(Information provided)

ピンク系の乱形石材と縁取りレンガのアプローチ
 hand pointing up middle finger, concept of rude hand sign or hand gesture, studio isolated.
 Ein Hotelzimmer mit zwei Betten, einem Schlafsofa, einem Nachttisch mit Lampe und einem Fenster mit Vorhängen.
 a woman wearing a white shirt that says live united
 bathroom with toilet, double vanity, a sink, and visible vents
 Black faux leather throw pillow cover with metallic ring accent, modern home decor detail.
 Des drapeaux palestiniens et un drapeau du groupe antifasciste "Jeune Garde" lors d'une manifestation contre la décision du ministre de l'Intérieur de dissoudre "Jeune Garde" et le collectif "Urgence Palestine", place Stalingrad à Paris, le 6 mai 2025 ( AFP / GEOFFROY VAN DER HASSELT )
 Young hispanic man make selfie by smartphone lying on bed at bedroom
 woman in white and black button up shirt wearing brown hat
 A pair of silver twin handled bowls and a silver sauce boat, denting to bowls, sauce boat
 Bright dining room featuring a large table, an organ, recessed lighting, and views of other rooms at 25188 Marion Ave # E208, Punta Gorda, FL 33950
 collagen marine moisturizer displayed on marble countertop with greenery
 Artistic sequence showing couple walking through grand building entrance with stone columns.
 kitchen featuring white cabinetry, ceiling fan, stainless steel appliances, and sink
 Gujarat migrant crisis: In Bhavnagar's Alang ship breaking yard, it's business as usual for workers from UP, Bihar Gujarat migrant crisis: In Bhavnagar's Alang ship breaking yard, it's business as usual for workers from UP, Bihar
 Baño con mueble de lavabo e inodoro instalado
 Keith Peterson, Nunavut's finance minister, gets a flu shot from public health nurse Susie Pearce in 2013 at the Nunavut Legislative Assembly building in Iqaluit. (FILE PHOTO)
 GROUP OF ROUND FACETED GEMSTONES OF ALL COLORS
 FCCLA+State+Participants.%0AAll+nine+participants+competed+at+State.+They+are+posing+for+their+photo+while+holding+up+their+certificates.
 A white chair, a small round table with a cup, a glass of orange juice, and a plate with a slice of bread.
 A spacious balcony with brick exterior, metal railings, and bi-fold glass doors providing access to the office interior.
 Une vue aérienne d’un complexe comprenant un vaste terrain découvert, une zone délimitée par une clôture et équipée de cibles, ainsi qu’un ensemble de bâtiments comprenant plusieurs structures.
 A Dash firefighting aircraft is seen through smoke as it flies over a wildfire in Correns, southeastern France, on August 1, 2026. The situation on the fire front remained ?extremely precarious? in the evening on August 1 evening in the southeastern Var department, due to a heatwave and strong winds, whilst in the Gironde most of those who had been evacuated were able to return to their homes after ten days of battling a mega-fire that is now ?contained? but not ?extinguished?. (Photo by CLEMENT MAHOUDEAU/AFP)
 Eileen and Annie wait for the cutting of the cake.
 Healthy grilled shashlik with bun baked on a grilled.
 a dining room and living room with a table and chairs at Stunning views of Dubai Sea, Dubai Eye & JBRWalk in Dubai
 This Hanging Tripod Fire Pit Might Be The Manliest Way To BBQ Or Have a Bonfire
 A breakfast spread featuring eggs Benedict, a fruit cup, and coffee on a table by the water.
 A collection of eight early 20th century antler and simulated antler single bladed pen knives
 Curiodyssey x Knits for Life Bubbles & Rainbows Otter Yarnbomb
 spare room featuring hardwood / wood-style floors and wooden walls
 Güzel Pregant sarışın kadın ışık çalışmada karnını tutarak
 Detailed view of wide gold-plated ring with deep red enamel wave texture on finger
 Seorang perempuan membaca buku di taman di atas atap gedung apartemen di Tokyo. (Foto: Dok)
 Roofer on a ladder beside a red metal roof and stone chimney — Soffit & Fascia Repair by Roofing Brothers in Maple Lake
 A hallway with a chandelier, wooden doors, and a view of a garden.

(End Information provided)

## Task details
What are the lines, exactly as written above, from the line with "A collection of" to the line with "Seorang perempuan membaca", both included? Output only those.

## Task output
 A collection of eight early 20th century antler and simulated antler single bladed pen knives
 Curiodyssey x Knits for Life Bubbles & Rainbows Otter Yarnbomb
 spare room featuring hardwood / wood-style floors and wooden walls
 Güzel Pregant sarışın kadın ışık çalışmada karnını tutarak
 Detailed view of wide gold-plated ring with deep red enamel wave texture on finger
 Seorang perempuan membaca buku di taman di atas atap gedung apartemen di Tokyo. (Foto: Dok)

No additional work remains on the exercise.